Unable to determine the device handle for GPU 0000:02:00.0: Unknown Error

OS: CentOS Linux 7 (Core)
Driver Version: 470.82.01
GPUs: 2 Telsa T4

While I am typing nvidia-smi in my terminal, there is an error Unable to determine the device handle for GPU 0000:02:00.0: Unknown Error. And this is the output of nvidia-debugdump --list.

Found 2 NVIDIA devices
Error: nvmlDeviceGetHandleByIndex(): Unknown Error
FAILED to get details on GPU (0x0): Unknown Error

Here is the detailed info of bug report
nvidia-bug-report.log.gz (1.5 MB)

PS: I have checked other developers question and their logs. However, it seems my bug is quite different from them. This is the reason why I new a question.

2 Likes

You’re getting a fatal pcie error on the root bus so the gpu is disconnected. Please try reseating the gpu in its slot, try a different slot, check for a bios upgrade, check/replace mainboard.

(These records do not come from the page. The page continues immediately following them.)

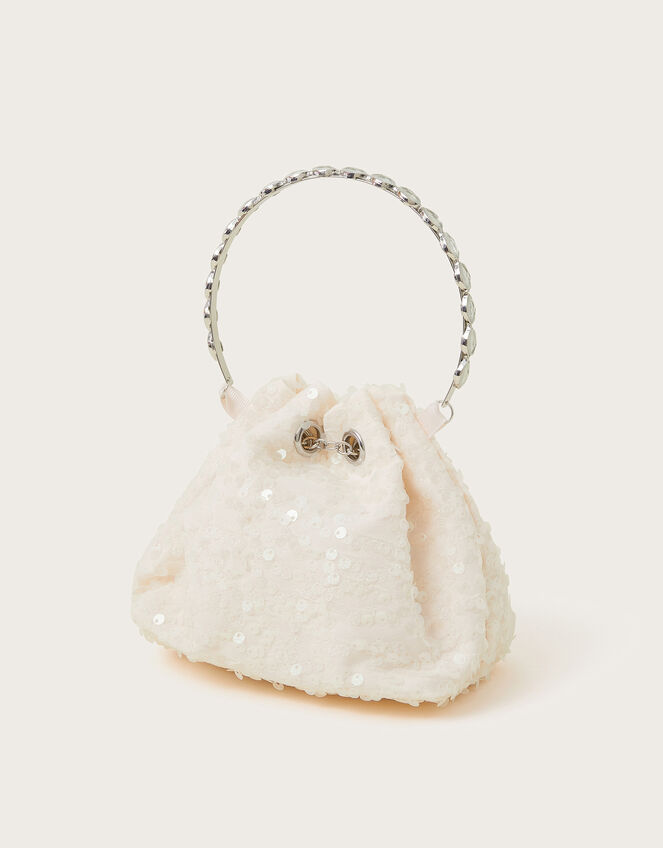 Mini Sequin Pouch Bag, , large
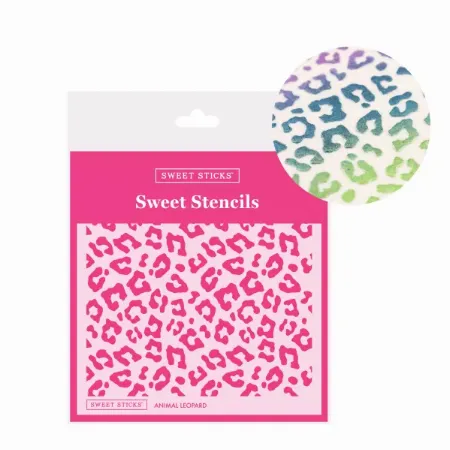 Sweet Sticks Animal Leopard Stencil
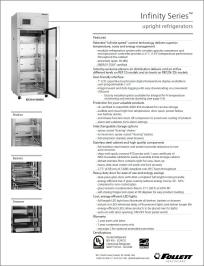 Infinity Series upright refrigerators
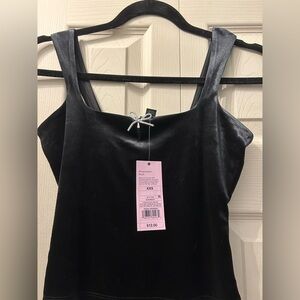 Wild Fable Black Velvet Women's Camisole Top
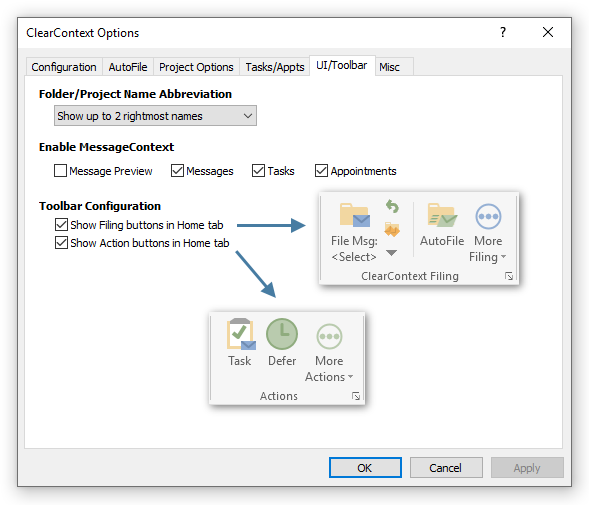 IMS User Guide: Toolbar Management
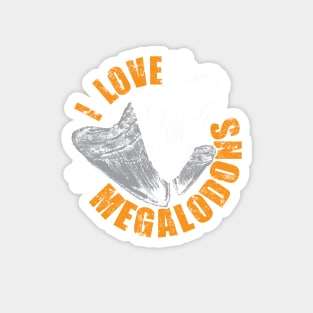 Megalodon tshirt - great paleontology gift for shark lovers Magnet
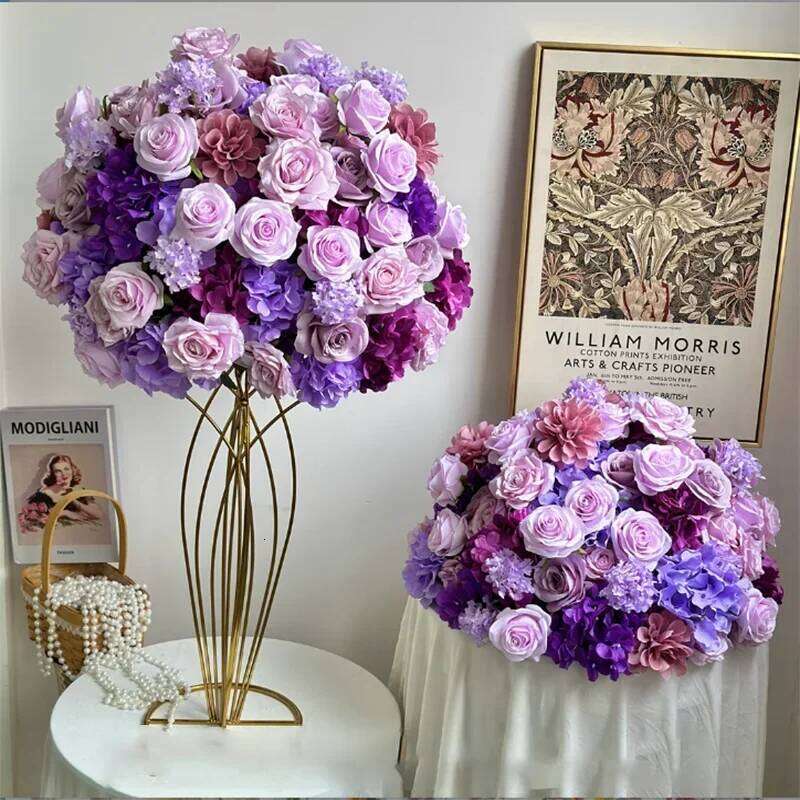 New Artificial Strip Arrangement Wedding Table Runner Floral Party Backdrop Decor Prop Arch Flower String Window Display Y260130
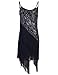 PrettyGuide Women's 1920S Paisley Art Deco Sequin Tassel Glam Party Gatsby Dress Pure 0/4 Black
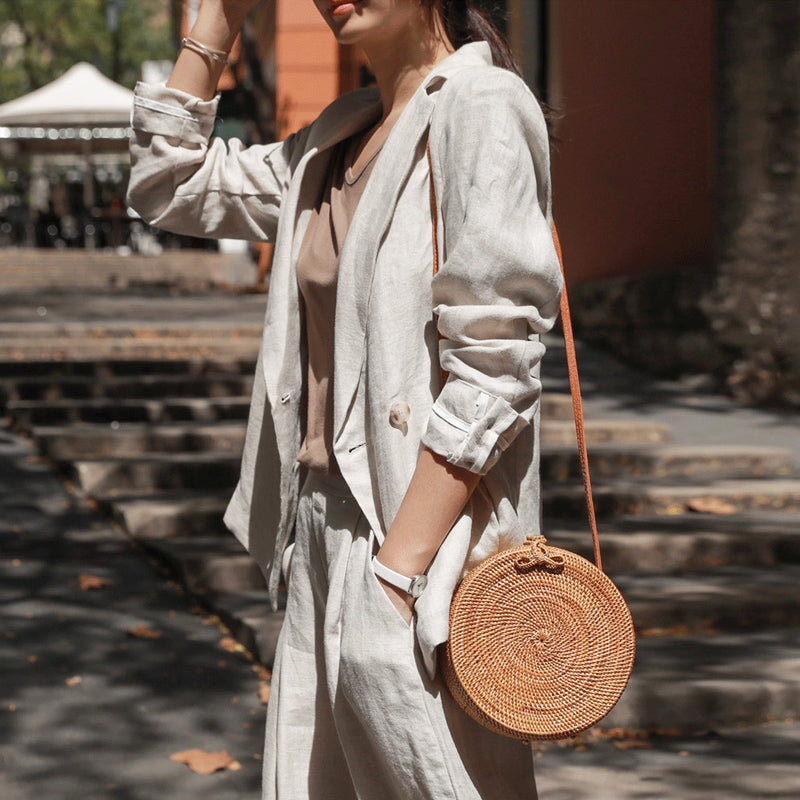 Brown Rattan Bag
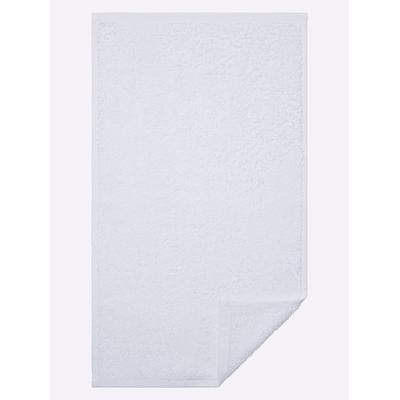 Handtuch WÄSCHEPUR Gr. 1, weiß, B:50cm L:100cm, Walkfrottee, 100% Baumwolle, Handtücher (Packung) Image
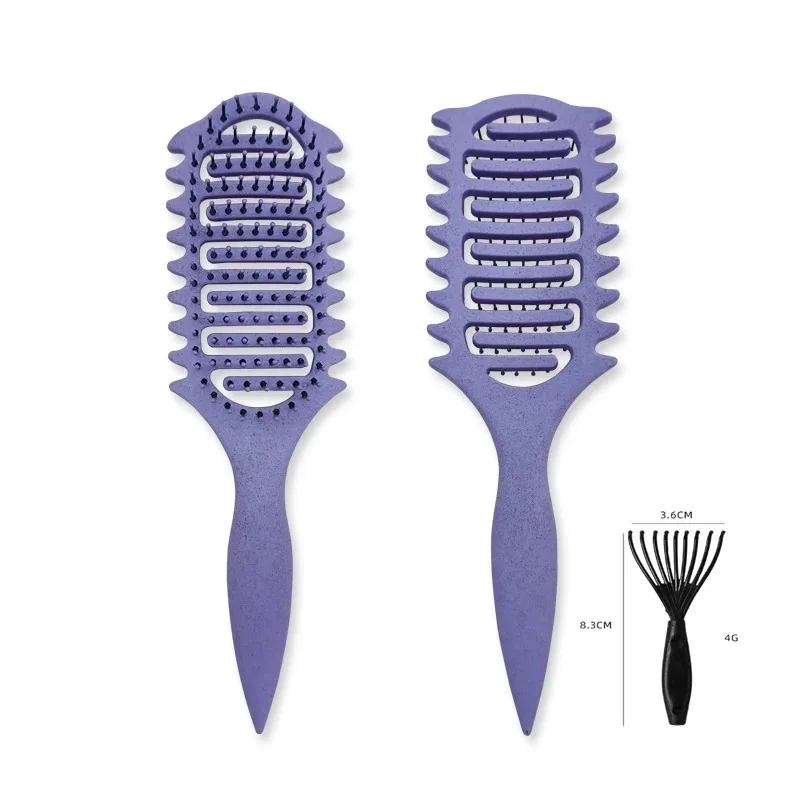 Curl Define Styling Brush brosse cheveux femme Detangling Hair Brush Tangled Hair Comb Shaping Defining Curl Barber Styling Tool 5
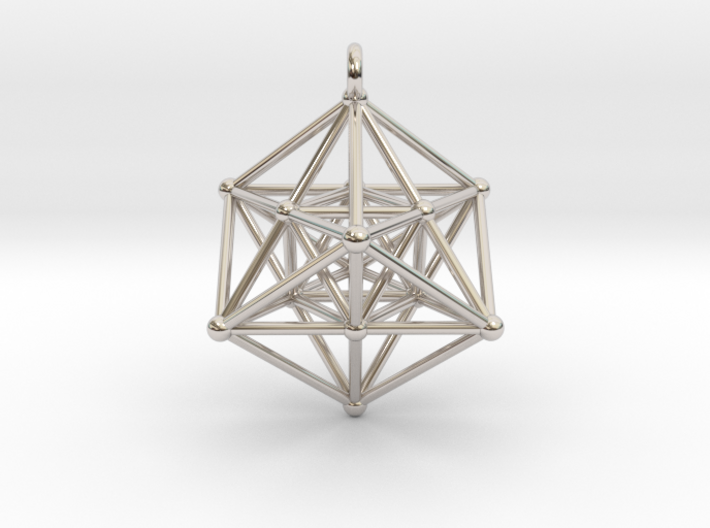 Metatron Cube Merkaba Pendant 3d printed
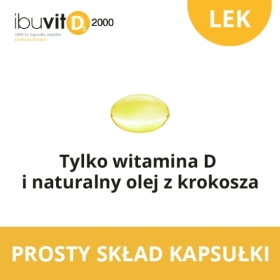 Ibuvit D3 2000 IU 30 kapsułek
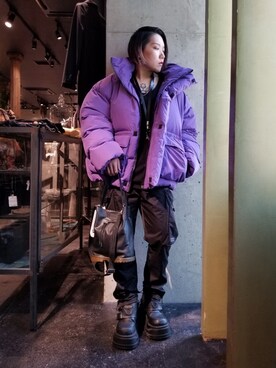 「A.A.Spectrum（エーエースペクトラム）のアイテム（ジャケット/アウター）」を使った、あやさん（レディース・170cm）の秋コーディネート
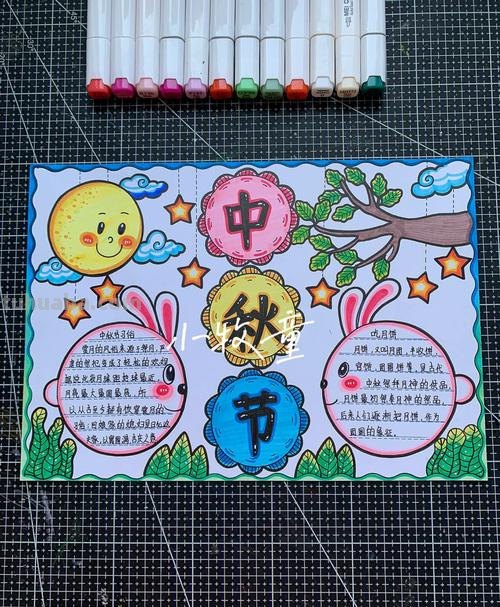 中秋节的手抄报怎么画眉毛 中秋节手抄报仙气又漂亮？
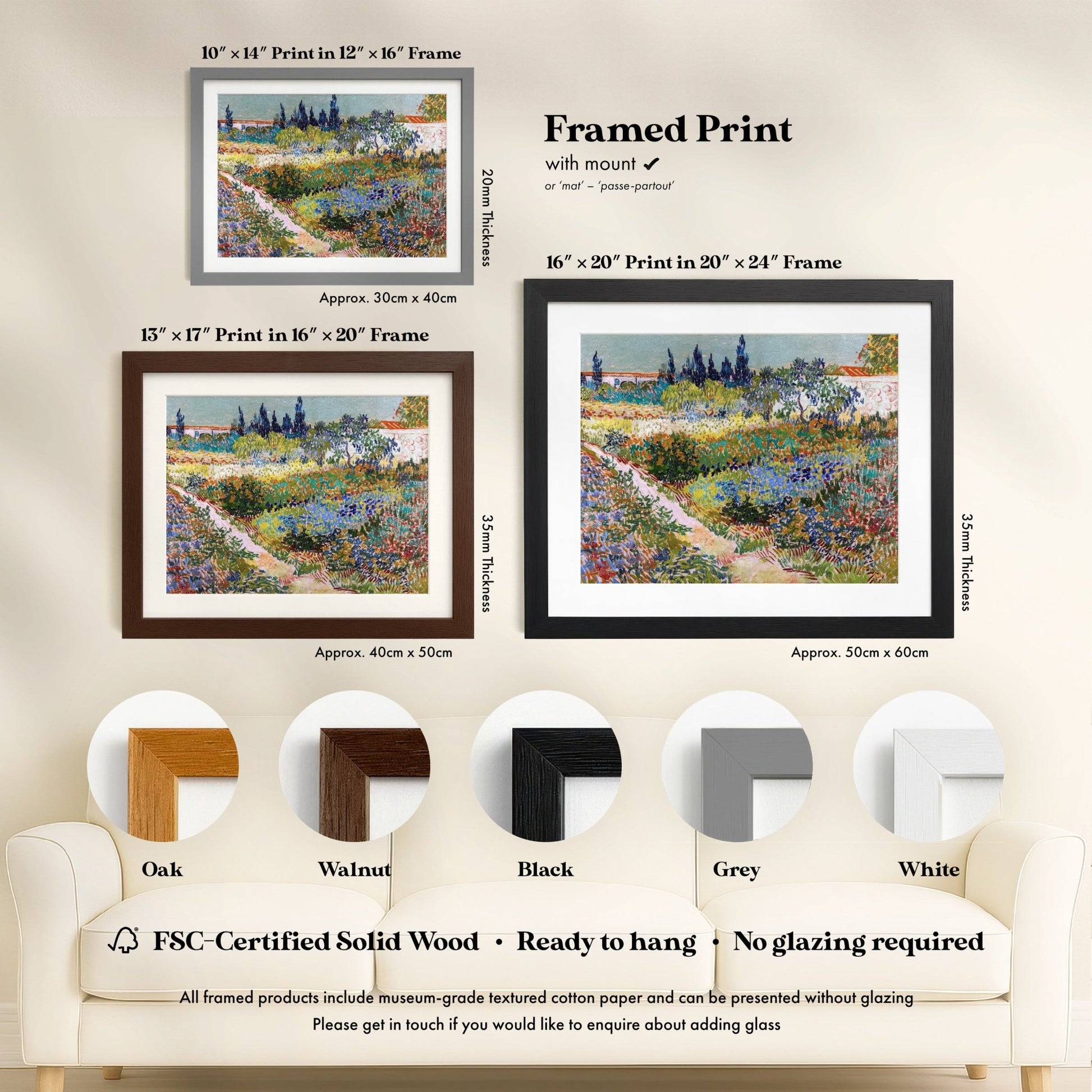 Vincent Van Gogh - Garden At Arles | Art Prints | Pathos Studio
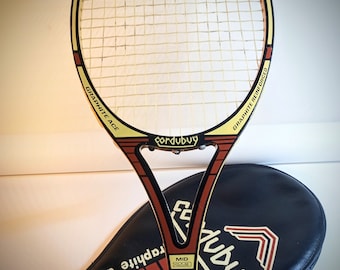 Beautifull mint condition Cordubuy Graphite ACE vintage tennis racket maple Ash Graphite reinforced original cover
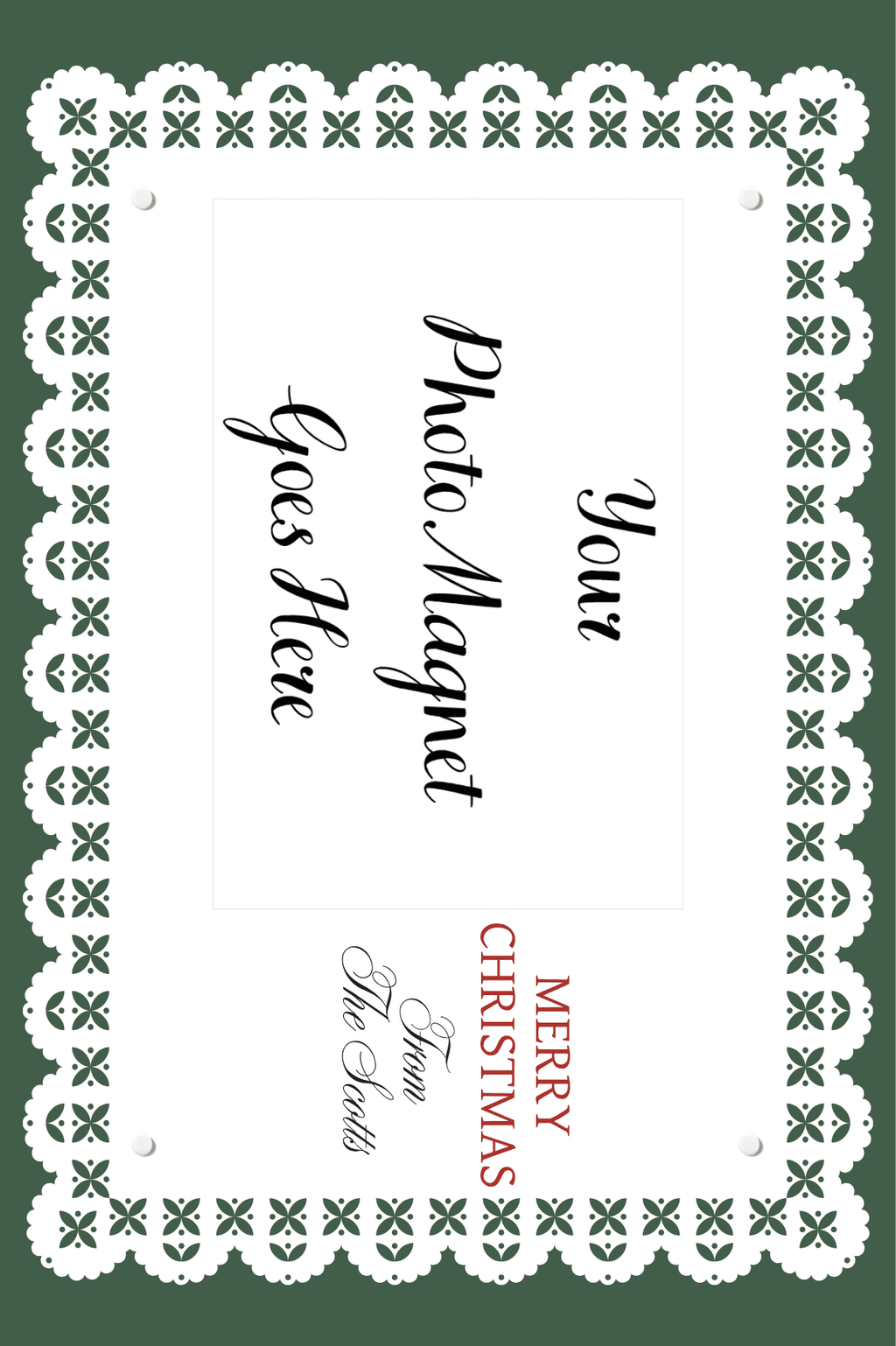 Personalised Christmas Photo Magnet Cards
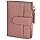 RRANCharltu Portefeuille Femme Cuir, Porte Monnaie Femme Petit Portefeuilles et Porte-Cartes avec Fermeture éclair Poche à Monnaie, Rose foncé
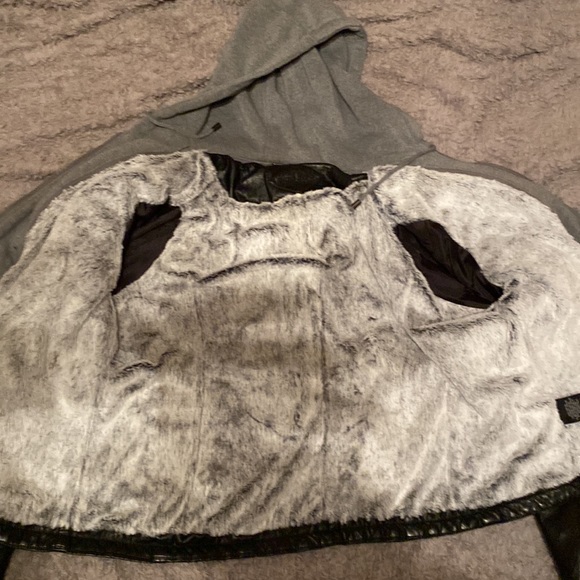 Jou Jou Black Leather Jacket, Size M, never used - Picture 4 of 5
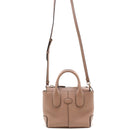 tod's beige / pink handbag front view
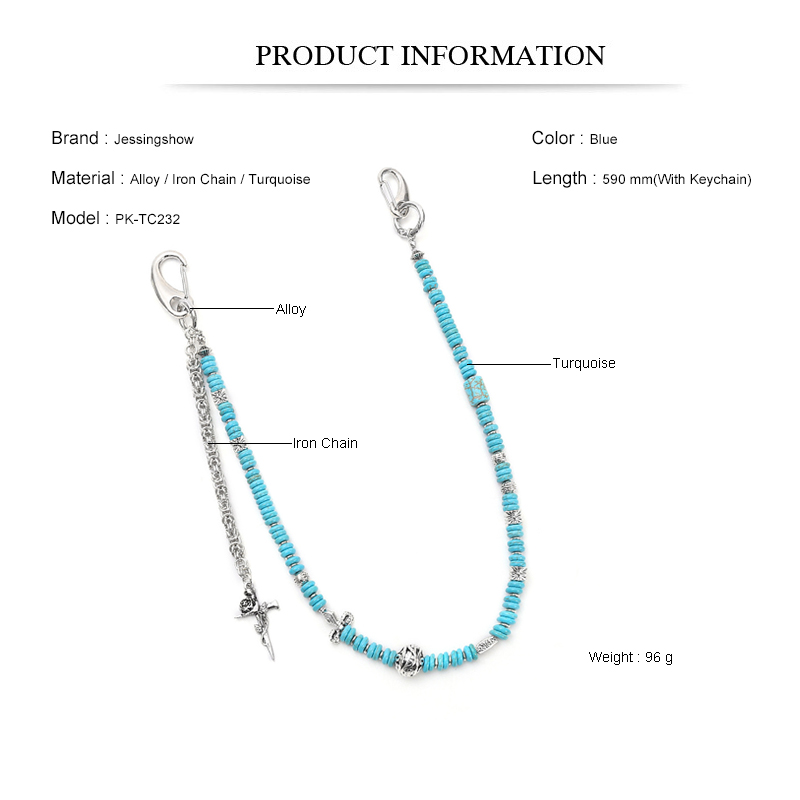 Boho Punk Jean Chain Handmade  - Women Accessories Pk 评论和价格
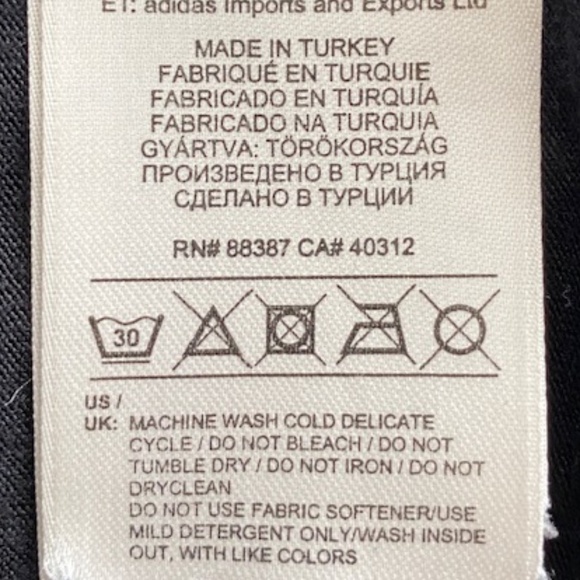 Adidas by Stella McCartney Yoga Striped Tee Top Size Medium - Picture 6 of 10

[  695.203791] pcieport 0000:00:02.0: AER: Uncorrected (Fatal) error received: id=0010
[  695.203805] pcieport 0000:00:02.0: PCIe Bus Error: severity=Uncorrected (Fatal), type=Transaction Layer, id=0010(Receiver ID)
[  695.203811] pcieport 0000:00:02.0:   device [8086:6f04] error status/mask=00000020/00000000
[  695.203815] pcieport 0000:00:02.0:    [ 5] Surprise Down Error    (First)
[  695.203821] pcieport 0000:00:02.0: broadcast error_detected message
[  695.203825] nvidia 0000:02:00.0: device has no AER-aware driver
[  695.830814] NVRM: GPU at PCI:0000:02:00: GPU-b4e8ed5d-9b8a-c48c-1ecd-aac240753b23
[  695.830817] NVRM: Xid (PCI:0000:02:00): 79, pid=29245, GPU has fallen off the bus.
[  695.830819] NVRM: GPU 0000:02:00.0: GPU has fallen off the bus.
[  695.830836] NVRM: GPU 0000:02:00.0: GPU serial number is \xffffffff\xffffffff\xffffffff\xffffffff\xffffffff\xffffffff\xffffffff\xffffffff\xffffffff\xffffffff\xffffffff\xffffffff\xffffffff\xffffffff\xffffffff\xffffffff\xffffffff\xffffffff\xffffffff\xffffffff\xffffffff\xffffffff\xffffffff\xffffffff\xffffffff\xffffffff\xffffffff\xffffffff\xffffffff\xffffffff\xffffffff\xffffffff\xffffffff\xffffffff\xffffffff\xffffffff\xffffffff\xffffffff\xffffffff\xffffffff\xffffffff\xffffffff\xffffffff\xffffffff\xffffffff\xffffffff\xffffffff\xffffffff\xffffffff\xffffffff\xffffffff\xffffffff\xffffffff\xffffffff\xffffffff\xffffffff\xffffffff\xffffffff\xffffffff\xffffffff\xffffffff\xffffffff\xffffffff\xffffffff\xffffffff\xffffffff\xffffffff\xffffffff\xffffffff\xffffffff\xffffffff\xffffffff\xffffffff\xffffffff\xffffffff\xffffffff\xffffffff\xffffffff\xffffffff\xffffffff\xffffffff\xffffffff\xffffffff\xffffffff\xffffffff\xffffffff\xffffffff.
[  695.830844] NVRM: A GPU crash dump has been created. If possible, please run
NVRM: nvidia-bug-report.sh as root to collect this data before
NVRM: the NVIDIA kernel module is unloaded.
[  696.207412] pcieport 0000:00:02.0: Root Port link has been reset
[  696.207422] pcieport 0000:00:02.0: AER: Device recovery failed
1 Like

Thanks for the advice. What do you mean by “check for a bios upgrade”. I have googled a lot, it doesnot have so mant satisfied answers. Can you make it more specificly?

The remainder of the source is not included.